On the 20 th anniversary of the adoption by UNCITRAL [1] of the Model Law on Arbitration in July 2005, Sir Ian Barker QC made the following observation at the AMINZ [2] annual conference in Queenstown:

Central to my paper is a realisation that New Zealand contributes to the world scene in so many separate fields of endeavour, to a degree far greater than its size and isolation would indicate. The continuing achievements of our sports people, scientists, researchers and business leaders lend validity to the cliché that ‘Kiwis box above their weight’. The spread of the concept of globalization means that we can no longer ignore international trends whatever our occupation.

Eleven years on, global trade has accelerated at an extraordinary rate, and international commercial arbitration with it. [3] In our own part of the world, global trade is set to continue its increase, with the Pacific Rim expected to play an increasingly important role in it. [4] The recently negotiated Trans Pacific Partnership Agreement links together 12 economies (excluding China) which together comprise 40% of global GDP, and one third of world trade. [5] The proposed Regional Comprehensive Economic Partnership can only cement the importance of trade in the region. [6]

Without the harmonisation brought by the UNCITRAL Model Law and the benefits of enforcement provided by the 1958 New York Convention on the Recognition and Enforcement of Foreign Arbitral Awards, international commercial arbitration would doubtless be mired in relative obscurity, along with the ill-fated 1971 Hague Convention on the Recognition and Enforcement of Foreign Judgments in Civil and Commercial Matters, which has only five signatories. [7]

New Zealand acceded to the New York Convention on 6 January 1983 and was an early adopter of the Model Law with passing of the Arbitration Act 1996 on 2 September 1996; we were also the first to adopt the 2006 amendments to the Model Law with the Arbitration Amendment Act 2007.

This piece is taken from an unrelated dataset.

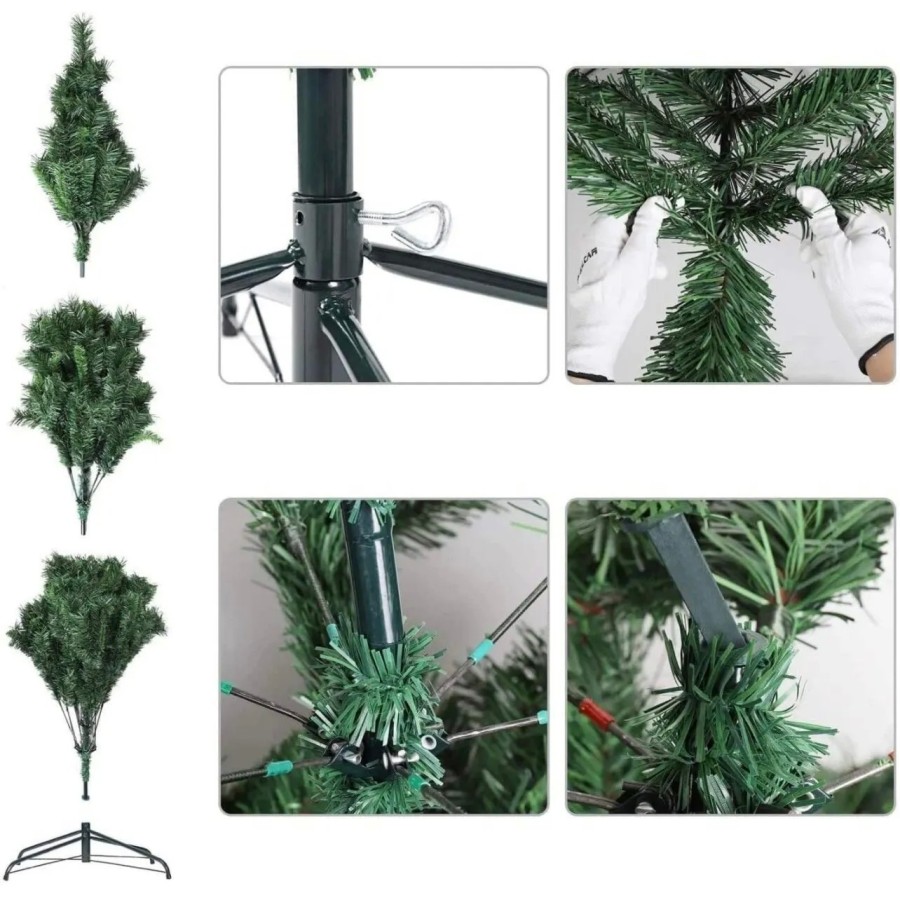 Árbol de Navidad Artificial. Árbol artificial navideño Economico, Árbo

So, how has the Model Law faired in New Zealand over the last 20 years?

The 1991 Law Commission report [8] recommended adopting the Model Law for international arbitrations and also for domestic arbitrations. However, it was not until Mr Peter Hilt, MP and AMINZ member, managed to win a ballot for a private members bill that the Arbitration Bill was introduced into the House. It is fair to say that the new Act was greater with some enthusiasm, [9] and its aims of encouraging the use of arbitration, promoting consistency in international and domestic regimes, redefining and clarifying the limits of judicial review of arbitral awards and promoting consistency in the use of the Model Law have been well understood and accepted by the profession and the judiciary. [10] With one or two exceptions, the judiciary has been highly supportive of arbitration in New Zealand, with the decisions of Doug Hood Ltd v Gold and Resource Developments NZ Ltd [11] (outlining the grounds for granting leave to appeal an arbitral award), Marnell Corrao Associates Inc v Sensation Yachts Ltd [12] (on the availability of interim relief and the enforceability of multi-tiered dispute resolution clauses), Carr & Brookside Farms v Gallaway Cook Allan [13] (clarifying the effect of invalidity in the agreement to arbitrate) and more recently the stay of court proceedings in New Zealand pending the outcome of an arbitration between related parties in Singapore ( Danone Asia Pacific Holdings PTE Ltd v Fonterra Co-operative Group Ltd [14] ).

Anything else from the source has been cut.